Although the data holds pictures, return only the lines from the one containing "Creamy Green Vein Serpentine Freeform" to the end, exactly, and without them.
Top of DATA SHOWN
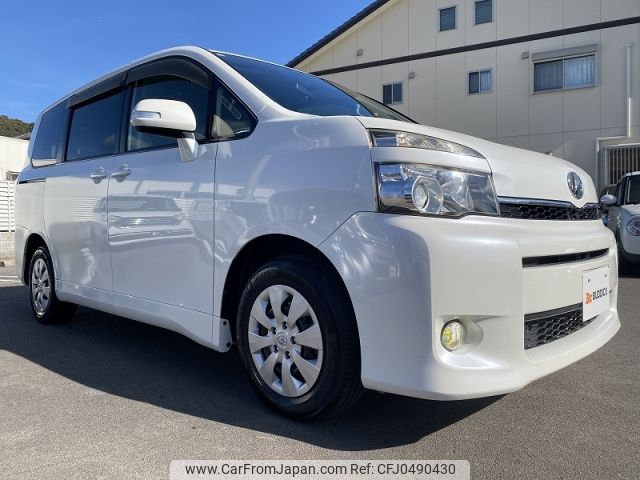 toyota voxy 2013 -TOYOTA--Voxy DBA-ZRR70G--ZRR70-0589091---TOYOTA--Voxy DBA-ZRR70G--ZRR70-0589091- image 2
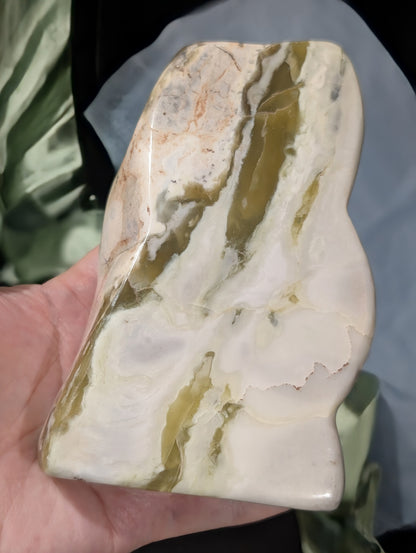 Creamy Green Vein Serpentine Freeform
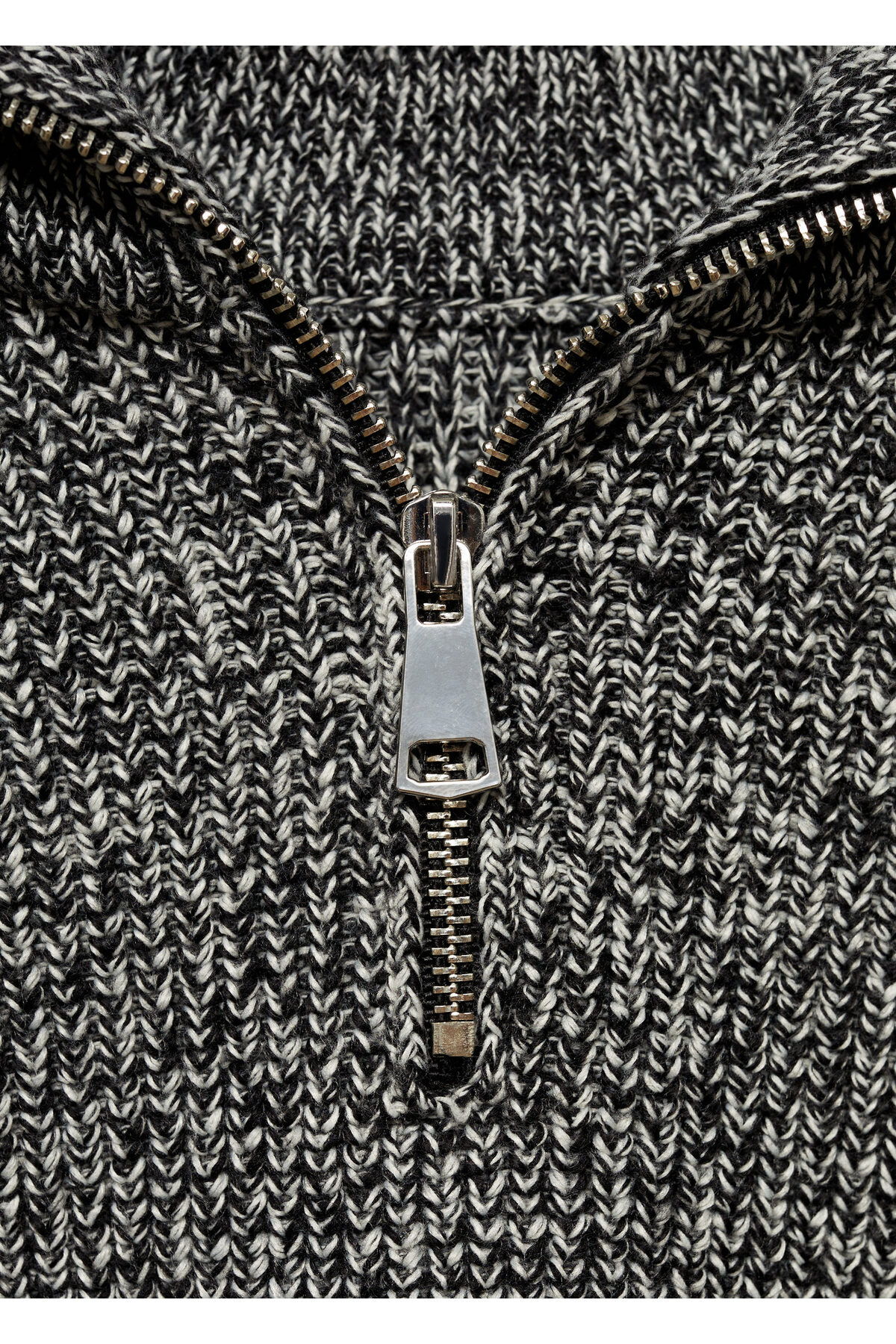 بافت و پلیور زنانه خاکستری منگوMANGO | 77007681 اورجینال - تصویر 8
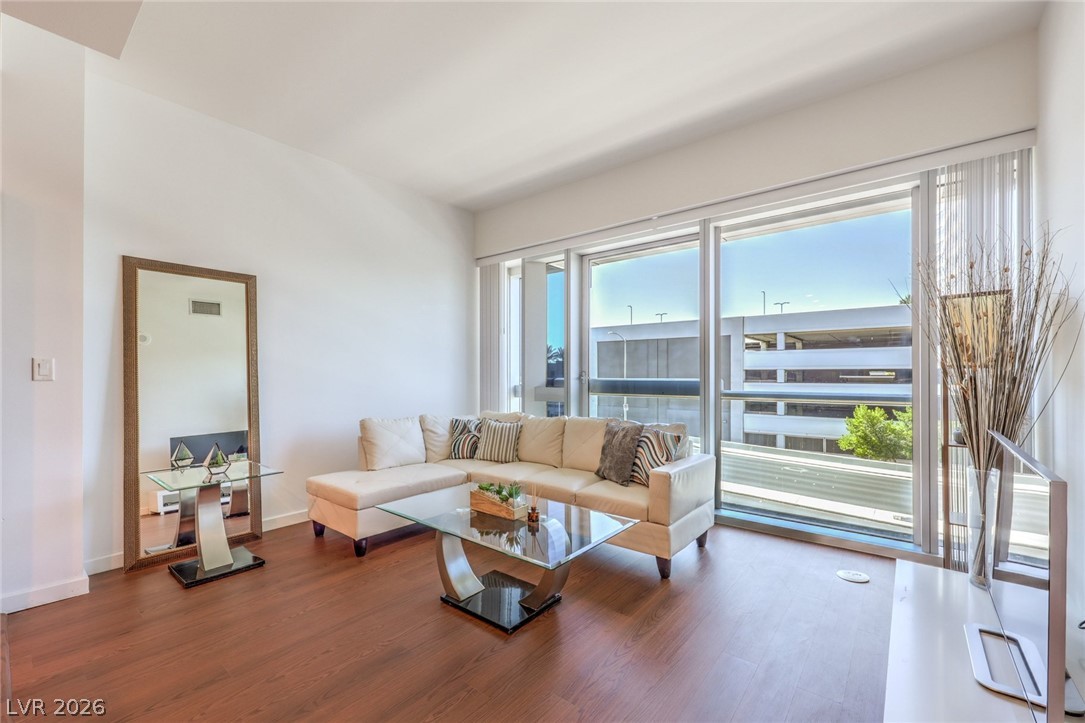 4471 Dean Martin Drive 307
Bottom of DATA SHOWN
= TASK RESULT =
 Creamy Green Vein Serpentine Freeform
 بافت و پلیور زنانه خاکستری منگوMANGO | 77007681 اورجینال - تصویر 8
 4471 Dean Martin Drive 307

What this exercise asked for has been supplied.